To do. Please set down the data word for word; images do not go in the copy.

--- Material provided ---

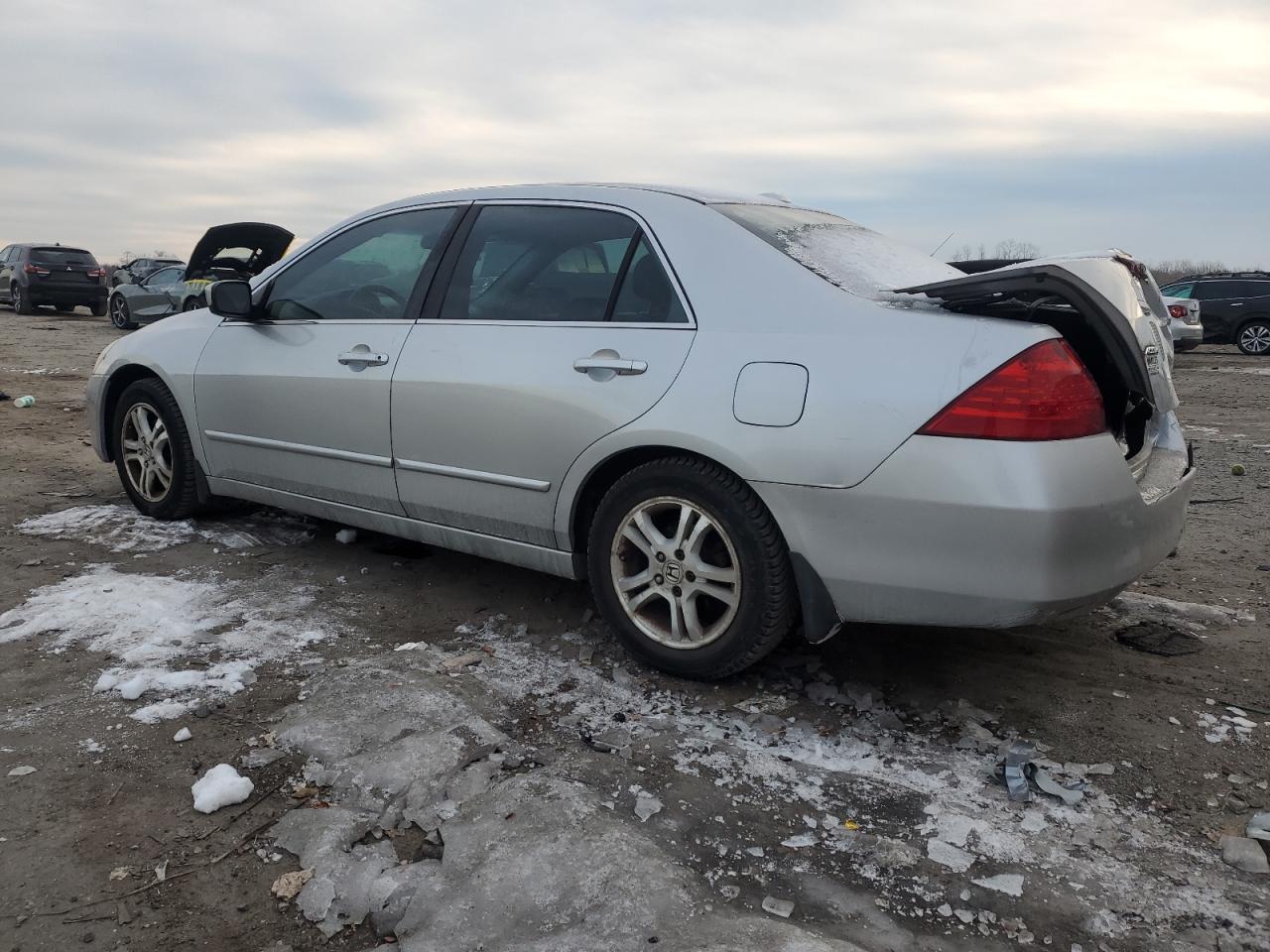 2006 Honda Accord - Image 2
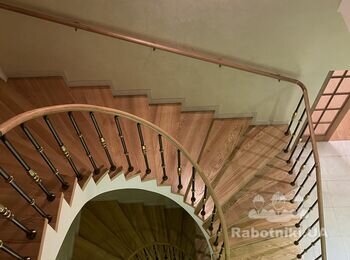 Реставрація сходової клітки та паркету.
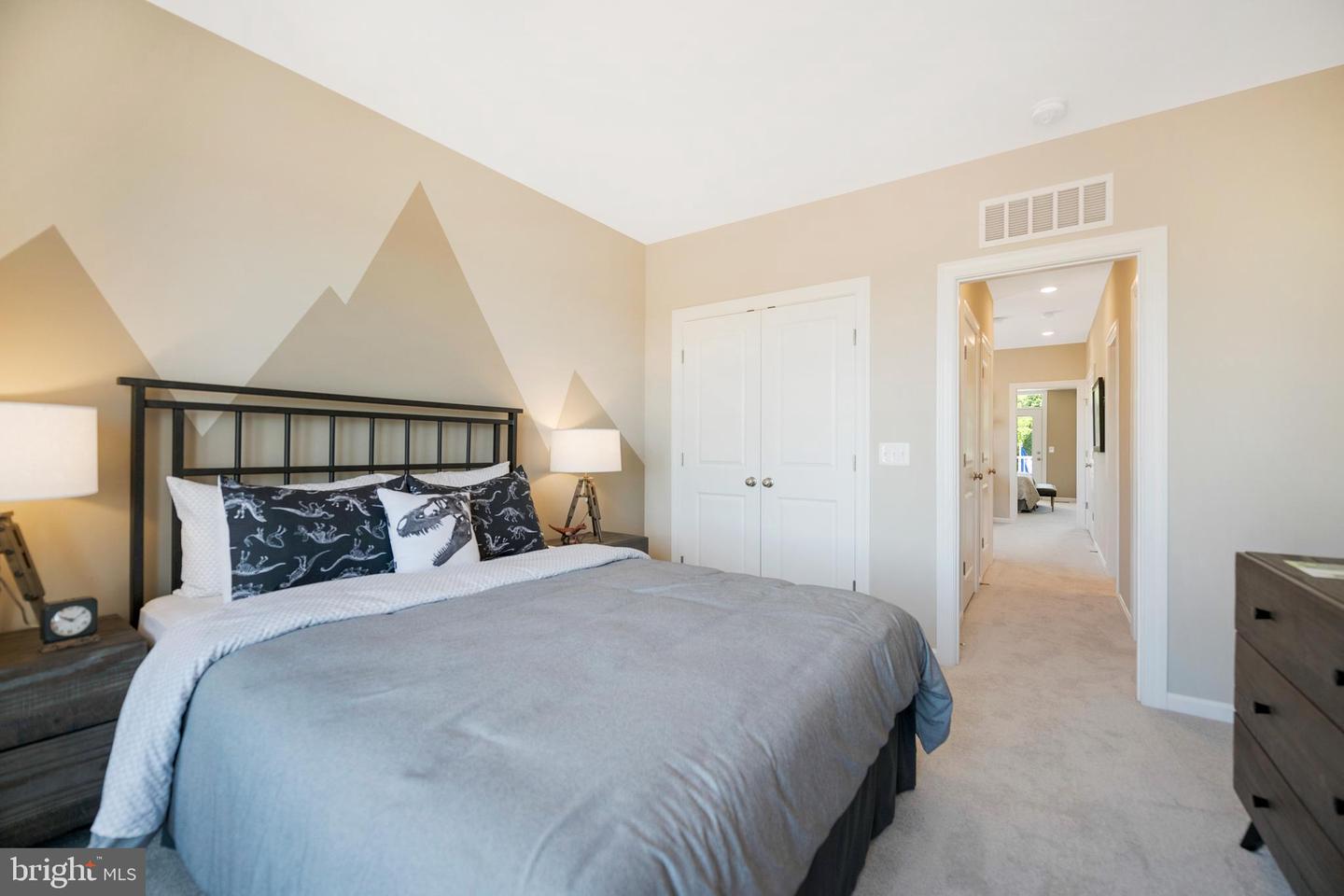 9681 Swallowtail Ln Property Photo 8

---

Result below.
 2006 Honda Accord - Image 2
 Реставрація сходової клітки та паркету.
 9681 Swallowtail Ln Property Photo 8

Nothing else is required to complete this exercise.